オリジナルの数学を使い、ここまで発展させた国は、他にはありません。
庶民が楽しんだ算額(さんがく)
算額とは、江戸時代の日本で、額や絵馬に和算の問題や解法を記して、神社や仏閣に奉納したものです。
平面幾何に関する算額(特に円の中に多数の円や別図形の中に多数の球を入れるなど接点を持つもの)が多く、和算家のみならず、一般の愛好家も数多く奉納しています。

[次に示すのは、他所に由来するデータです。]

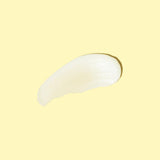 Sun Bum babyBum Natural Monoi Coconut Balm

一般の庶民が高等数学を趣味として楽しみ、競い合っていたという事実には驚くばかりです。
器用さ
日本人の特質である器用さについては次のような記述が見られます。
イギリスの初代駐日大使、オールコック
「日本人は、どういう点で外国製品がすぐれているか、どうすれば自分たちもりっぱな品をつくり出すことができるか、ということを見いだすのに熱心であるし、また素早い」
ドイツの考古学者シュリーマン
「金で模様を施した素晴らしい、まるでガラスのように光り輝く漆器や蒔絵の盆や壷等を商っている店はずいぶんたくさん目にした。模様の美しさといい、精緻な作風といい、セーブル焼き〔フランスの代表的な陶器〕に勝るとも劣らぬ陶器を売る店もあった」
スウェーデンの植物学者ツンベリー
「この国民は必要にして有益な場合、その器用さと発明心を発揮する。そして勤勉さにおいて、日本人は大半の民族の群を抜いている。」
「彼らの鋼や金属製品は見事で、木製品はきれいで長持ちする。その十分に鍛えられた刀剣と優美な漆器は、これまでに生み出し得た他のあらゆる製品を凌駕するものである。」7
教育
ロシア軍人ゴロヴニン
「日本人は自分の子弟を立派に教育する能力を持つている。ごく幼い頃から読み書き、法制、国史、地理などを教へ、大きくなると武術を教へる。しかし一等大切な点は、日本人が幼年時代から子弟に忍耐、質素、礼儀を極めて巧みに教へこむことである」
イギリスの旅行家・探検家イザベラ・バード
「これほど自分の子供達をかわいがる人々を見た事はありません。だっこやおんぶをしたり、手をつないで歩いたり、ゲームをやっているのを眺めたり、いっしょにやったり、しょっちゅうおもちゃを与えたり、遠足やお祭りに連れていったり、子供がいなくては気がすまず、また他人の子供に対してもそれ相応にかわいがり世話を焼きます。」
ドイツの考古学者シュリーマン
「教育はヨーロッパの文明国以上にも行き渡っている。シナも含めてアジアの他の国では女たちが完全な無知の中に放置されているのに対して、日本では、男も女もみな仮名と漢字で読み書きができる。」